銀行の振込手数料、インボイスは毎回保存が必要?税務調査で確認されやすい実務対応を解説
1. はじめに
インボイス制度が始まってから、経理処理で意外と判断に迷いやすいものの一つが、銀行の振込手数料です。
取引先へ支払いをするたびに発生する振込手数料や、口座の入出金手数料について、以下のようなお悩みはありませんか?
- 銀行からインボイスを毎回取らないといけないのか
- ネットバンキングの画面をすべて保存する必要があるのか
- 少額だから帳簿だけでよいのか
銀行手数料は1件あたりの金額は小さいものの、毎月継続して発生します。件数が多くなりやすいため、税務調査では「どのようなルールで保存しているか」「後から確認できる状態になっているか」が確認されることがあります。
結論からいうと、銀行の振込手数料や入出金手数料についても、原則としてインボイス対応が必要です。ただし、実務上は例外的な取扱いや少額特例が用意されており、すべての取引について毎回インボイスを保存しなければならない、というわけではありません。

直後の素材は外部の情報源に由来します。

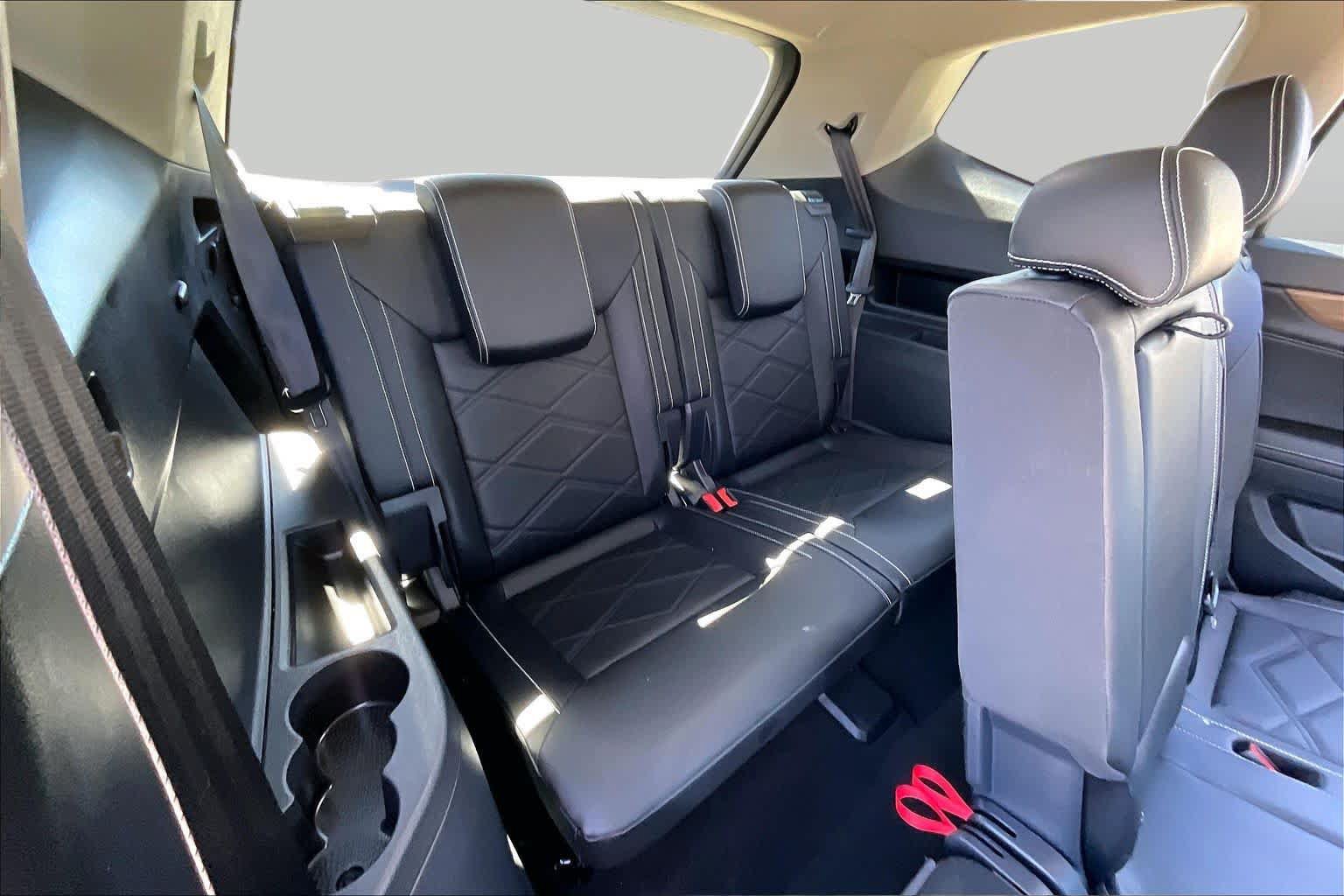 Used 2026 Volkswagen Atlas SE FWD image 35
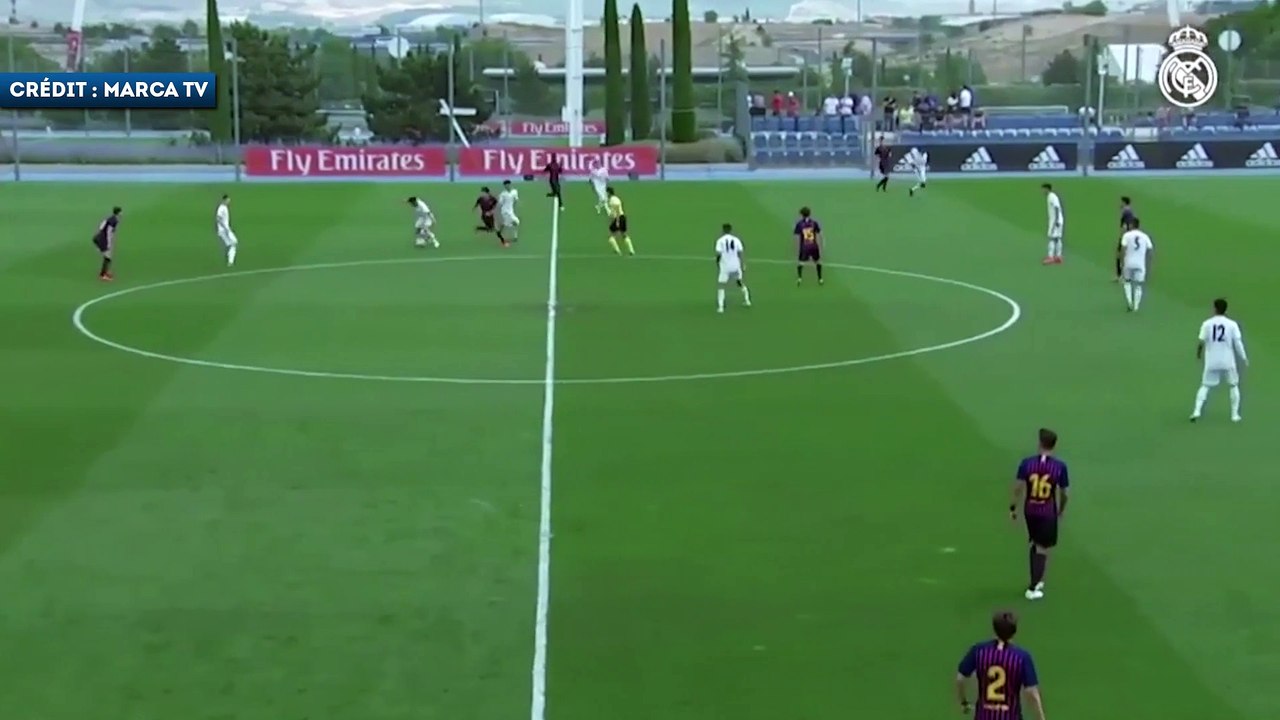 Le but du milieu de terrain de Antonio Blanco lors du Clasico U19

本記事では、銀行の振込手数料について、税務調査で確認されやすいポイントを踏まえながら、実務上どのように対応すればよいかを整理します。
2. 銀行の振込手数料はインボイス対応が必要?
銀行の振込手数料や入出金手数料について仕入税額控除を受けるには、原則として、適格簡易請求書と一定事項を記載した帳簿の保存が必要です。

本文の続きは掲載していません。